══ INFORMATION PROVIDED

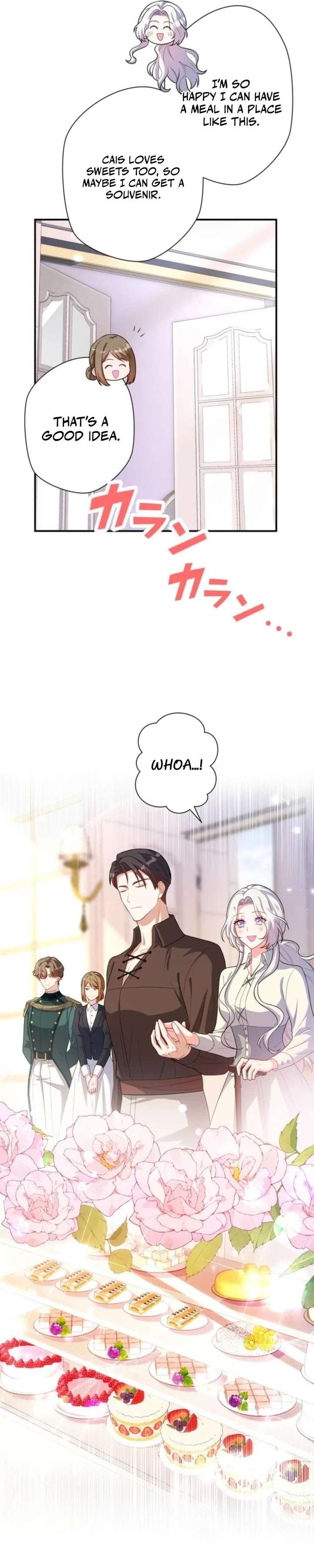 I May Be a Sickly Mom, but I’ll Raise My Fallen Son! Chapter 14 109 010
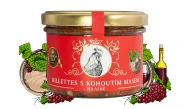 Rillettes s kohutm msom Vineco 180 g
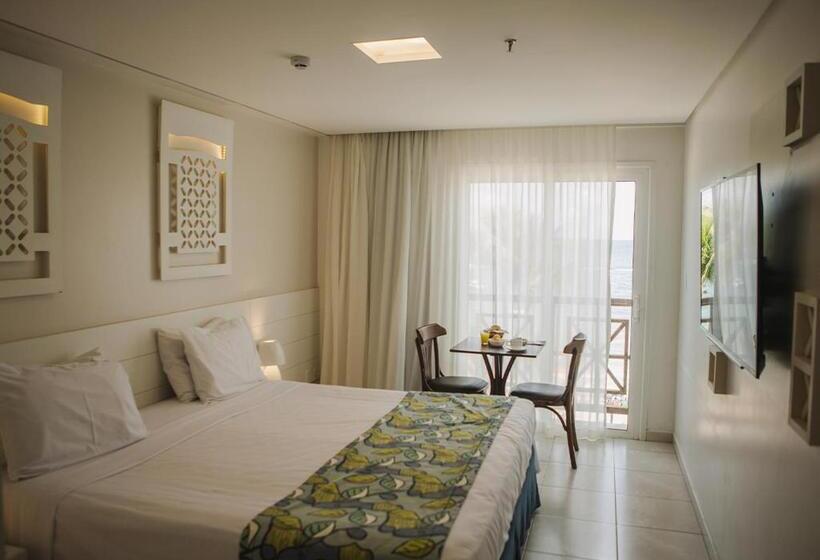 Triple Room Sea View, Ponta Verde Praia Do Frances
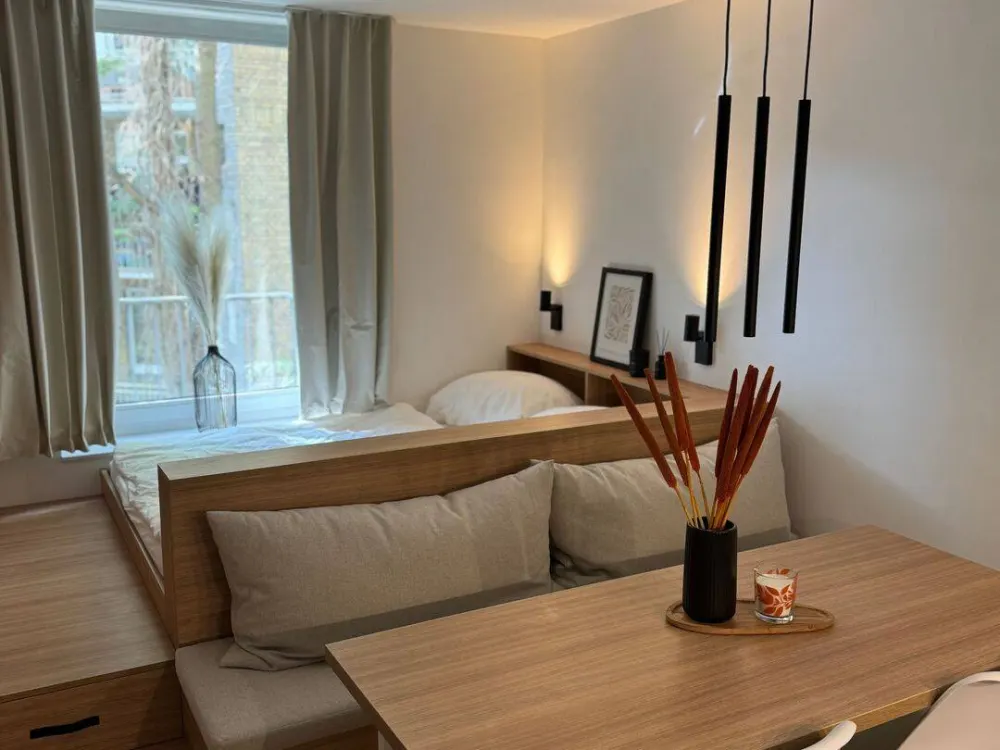 Luxury Studio in Düsseldorf City#1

════

• EXERCISE PROMPT:
What this calls for is a word-for-word copy of the listing above, pictures excluded.

• RESULT FOR THIS TASK:
 I May Be a Sickly Mom, but I’ll Raise My Fallen Son! Chapter 14 109 010
 Rillettes s kohutm msom Vineco 180 g
 Triple Room Sea View, Ponta Verde Praia Do Frances
 Luxury Studio in Düsseldorf City#1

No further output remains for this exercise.